5. install the lock plate and fit it so that it bears against the slotted press plate tighten the bolt so that the plate is on the press plate
6. finger tighten the nuts on the thread rod bring the plates in contact with the shock and pipe square the plates up
7. Tighten the nuts equally and push the spring nut into the can far enough to allow removal of the retaining ring
8. pick the ring out
9. gradually slack the nuts and remove the pipe from the shock remove the spring nut from the shock
10. reset the press tool on the spring stop collar
11. tighten the press tools nuts and push down far enough to compress the spring
NOTE A RAP ON THE BODY END OF THE SHOCK MAY BE NEEDED AS THE SHOCK MAY MOVE WITH THE SPRING STOP COLLAR, HIT THE SHOCK ON THE END ONLY.

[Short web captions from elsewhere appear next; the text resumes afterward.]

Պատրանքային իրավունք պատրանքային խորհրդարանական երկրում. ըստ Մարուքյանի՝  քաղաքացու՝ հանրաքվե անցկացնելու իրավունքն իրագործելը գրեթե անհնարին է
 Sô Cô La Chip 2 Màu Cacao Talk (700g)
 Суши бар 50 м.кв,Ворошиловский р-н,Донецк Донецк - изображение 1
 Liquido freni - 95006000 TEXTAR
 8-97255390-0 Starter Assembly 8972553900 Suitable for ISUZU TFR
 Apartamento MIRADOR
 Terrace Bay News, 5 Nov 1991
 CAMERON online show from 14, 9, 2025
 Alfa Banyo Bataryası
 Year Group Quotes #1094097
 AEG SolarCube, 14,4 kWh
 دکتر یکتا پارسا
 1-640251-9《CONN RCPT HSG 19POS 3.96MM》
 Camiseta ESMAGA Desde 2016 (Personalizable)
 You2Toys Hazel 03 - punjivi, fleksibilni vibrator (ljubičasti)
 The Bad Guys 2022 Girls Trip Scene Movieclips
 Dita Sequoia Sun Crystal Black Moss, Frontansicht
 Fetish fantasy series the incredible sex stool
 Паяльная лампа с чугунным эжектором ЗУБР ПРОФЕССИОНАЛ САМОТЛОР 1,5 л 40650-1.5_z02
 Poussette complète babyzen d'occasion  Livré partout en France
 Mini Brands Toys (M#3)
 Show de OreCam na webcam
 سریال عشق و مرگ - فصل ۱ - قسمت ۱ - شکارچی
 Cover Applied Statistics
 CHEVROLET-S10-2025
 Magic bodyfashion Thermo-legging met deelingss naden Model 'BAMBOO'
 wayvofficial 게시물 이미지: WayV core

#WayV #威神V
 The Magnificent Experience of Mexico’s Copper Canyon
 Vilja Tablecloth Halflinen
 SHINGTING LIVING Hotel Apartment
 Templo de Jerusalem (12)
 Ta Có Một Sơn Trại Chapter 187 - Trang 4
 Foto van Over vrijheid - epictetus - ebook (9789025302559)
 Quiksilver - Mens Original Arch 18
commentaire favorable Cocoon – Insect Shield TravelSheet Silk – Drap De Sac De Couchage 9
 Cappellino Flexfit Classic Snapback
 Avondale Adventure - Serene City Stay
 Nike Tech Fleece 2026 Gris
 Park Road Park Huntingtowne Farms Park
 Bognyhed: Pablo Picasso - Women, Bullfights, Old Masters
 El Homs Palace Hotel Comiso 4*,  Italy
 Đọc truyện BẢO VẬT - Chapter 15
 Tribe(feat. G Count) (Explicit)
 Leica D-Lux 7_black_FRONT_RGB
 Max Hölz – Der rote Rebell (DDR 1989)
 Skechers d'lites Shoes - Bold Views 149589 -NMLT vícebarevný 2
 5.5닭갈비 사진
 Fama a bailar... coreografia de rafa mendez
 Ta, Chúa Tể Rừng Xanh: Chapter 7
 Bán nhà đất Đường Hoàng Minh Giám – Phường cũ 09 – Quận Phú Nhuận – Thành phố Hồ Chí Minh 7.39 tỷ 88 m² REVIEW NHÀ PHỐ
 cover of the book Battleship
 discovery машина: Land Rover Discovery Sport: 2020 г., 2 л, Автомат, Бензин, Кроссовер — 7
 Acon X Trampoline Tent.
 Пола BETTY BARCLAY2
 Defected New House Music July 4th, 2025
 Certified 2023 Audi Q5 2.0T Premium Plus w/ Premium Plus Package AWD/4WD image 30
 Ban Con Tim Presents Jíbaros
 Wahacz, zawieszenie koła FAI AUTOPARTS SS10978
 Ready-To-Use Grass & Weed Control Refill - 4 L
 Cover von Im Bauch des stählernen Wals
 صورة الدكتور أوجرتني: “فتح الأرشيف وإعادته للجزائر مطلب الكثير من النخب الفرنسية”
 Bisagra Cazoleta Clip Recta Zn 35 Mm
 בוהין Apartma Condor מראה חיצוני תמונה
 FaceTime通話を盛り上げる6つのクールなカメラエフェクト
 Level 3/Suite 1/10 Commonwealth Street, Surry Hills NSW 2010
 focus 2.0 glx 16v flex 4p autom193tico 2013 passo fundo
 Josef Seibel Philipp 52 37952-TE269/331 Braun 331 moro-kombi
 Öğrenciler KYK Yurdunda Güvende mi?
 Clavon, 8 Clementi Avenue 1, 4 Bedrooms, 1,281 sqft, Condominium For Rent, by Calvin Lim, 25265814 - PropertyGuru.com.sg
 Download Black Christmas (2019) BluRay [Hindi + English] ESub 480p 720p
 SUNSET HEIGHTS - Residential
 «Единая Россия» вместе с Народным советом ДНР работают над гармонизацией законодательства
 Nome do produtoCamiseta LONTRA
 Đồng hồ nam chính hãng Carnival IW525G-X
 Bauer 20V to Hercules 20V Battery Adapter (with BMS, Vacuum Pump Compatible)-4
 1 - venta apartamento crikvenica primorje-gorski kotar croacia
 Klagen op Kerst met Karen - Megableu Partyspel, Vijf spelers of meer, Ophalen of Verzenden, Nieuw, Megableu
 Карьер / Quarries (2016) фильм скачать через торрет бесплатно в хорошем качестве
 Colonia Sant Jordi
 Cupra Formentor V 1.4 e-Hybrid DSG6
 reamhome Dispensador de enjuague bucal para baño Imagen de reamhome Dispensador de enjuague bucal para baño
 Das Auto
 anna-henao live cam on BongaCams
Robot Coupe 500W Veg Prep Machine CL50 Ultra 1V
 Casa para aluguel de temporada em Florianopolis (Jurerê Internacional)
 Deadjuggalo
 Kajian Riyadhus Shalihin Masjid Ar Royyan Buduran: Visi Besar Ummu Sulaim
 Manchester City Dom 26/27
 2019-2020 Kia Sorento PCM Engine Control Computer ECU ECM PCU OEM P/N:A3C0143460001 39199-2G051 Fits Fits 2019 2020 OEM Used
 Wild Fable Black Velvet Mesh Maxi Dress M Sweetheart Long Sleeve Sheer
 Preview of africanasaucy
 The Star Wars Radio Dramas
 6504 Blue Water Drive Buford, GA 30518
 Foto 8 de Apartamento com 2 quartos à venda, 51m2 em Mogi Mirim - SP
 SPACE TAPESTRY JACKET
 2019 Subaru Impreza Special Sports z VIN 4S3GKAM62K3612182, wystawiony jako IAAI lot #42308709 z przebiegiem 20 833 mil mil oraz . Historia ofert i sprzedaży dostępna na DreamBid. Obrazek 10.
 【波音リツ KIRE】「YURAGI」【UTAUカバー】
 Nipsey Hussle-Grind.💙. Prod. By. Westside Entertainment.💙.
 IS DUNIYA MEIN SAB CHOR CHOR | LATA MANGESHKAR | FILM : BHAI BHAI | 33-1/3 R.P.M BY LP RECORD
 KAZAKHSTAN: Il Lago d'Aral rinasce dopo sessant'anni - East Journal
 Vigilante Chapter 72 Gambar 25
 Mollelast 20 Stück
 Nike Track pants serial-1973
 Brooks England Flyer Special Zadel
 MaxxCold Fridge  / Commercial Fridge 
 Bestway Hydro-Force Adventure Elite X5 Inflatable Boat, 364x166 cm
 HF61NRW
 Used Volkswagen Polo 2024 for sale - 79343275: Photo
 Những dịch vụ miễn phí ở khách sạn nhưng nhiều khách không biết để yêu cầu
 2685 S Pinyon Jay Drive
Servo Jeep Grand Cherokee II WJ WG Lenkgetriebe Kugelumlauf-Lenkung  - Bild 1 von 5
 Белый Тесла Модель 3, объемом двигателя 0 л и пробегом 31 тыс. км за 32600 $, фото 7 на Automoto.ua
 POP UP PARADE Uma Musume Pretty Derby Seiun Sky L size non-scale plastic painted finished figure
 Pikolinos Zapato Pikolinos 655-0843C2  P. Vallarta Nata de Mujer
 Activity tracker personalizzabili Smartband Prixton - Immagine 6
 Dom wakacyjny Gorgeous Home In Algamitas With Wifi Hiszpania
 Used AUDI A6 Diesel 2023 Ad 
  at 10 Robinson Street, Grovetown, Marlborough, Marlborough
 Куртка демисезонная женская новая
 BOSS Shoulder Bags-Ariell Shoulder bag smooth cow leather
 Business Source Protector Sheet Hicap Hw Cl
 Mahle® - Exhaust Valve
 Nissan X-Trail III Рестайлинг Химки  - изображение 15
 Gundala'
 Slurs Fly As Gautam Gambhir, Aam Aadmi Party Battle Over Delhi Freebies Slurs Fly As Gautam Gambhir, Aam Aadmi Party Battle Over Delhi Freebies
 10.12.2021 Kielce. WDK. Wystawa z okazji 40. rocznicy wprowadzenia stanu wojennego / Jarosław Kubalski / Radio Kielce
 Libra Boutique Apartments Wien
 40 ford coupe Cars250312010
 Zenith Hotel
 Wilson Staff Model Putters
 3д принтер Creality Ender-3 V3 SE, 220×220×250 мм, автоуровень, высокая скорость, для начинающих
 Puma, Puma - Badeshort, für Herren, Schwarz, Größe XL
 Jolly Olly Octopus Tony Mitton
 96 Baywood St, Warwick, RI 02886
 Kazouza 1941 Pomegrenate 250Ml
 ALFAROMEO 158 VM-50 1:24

12. Remove the retaining clip
13. loosen the nuts as before watch for the shock as it may fall out of the tool once the spring stop has been removed.
14. remove the shock and set it aside
15. remove stop collar from spring
16. turn over spring “can” and slip the spring with the inner and outer sleeves and wiper
17. separate the spring and the sleeves.
18. remove lock plate from shock, set press aside
The spring is now removed.
The plastic parts two sleeves and the wiper are to prevent wear by the spring on the spring can and shock body, the sleeves must be intact and can be cleaned and set aside
|Posted on Friday, May 01, 2009 - 05:49 pm: ||
Tear down of the shock
Remove remote reservoir end cap, I ground through it on 2 sides and pried it out, it is no longer fit for use, it has been said that a carefully drilled small hole will do, I am going to clamp some thin rubber over the end to keep dirt out.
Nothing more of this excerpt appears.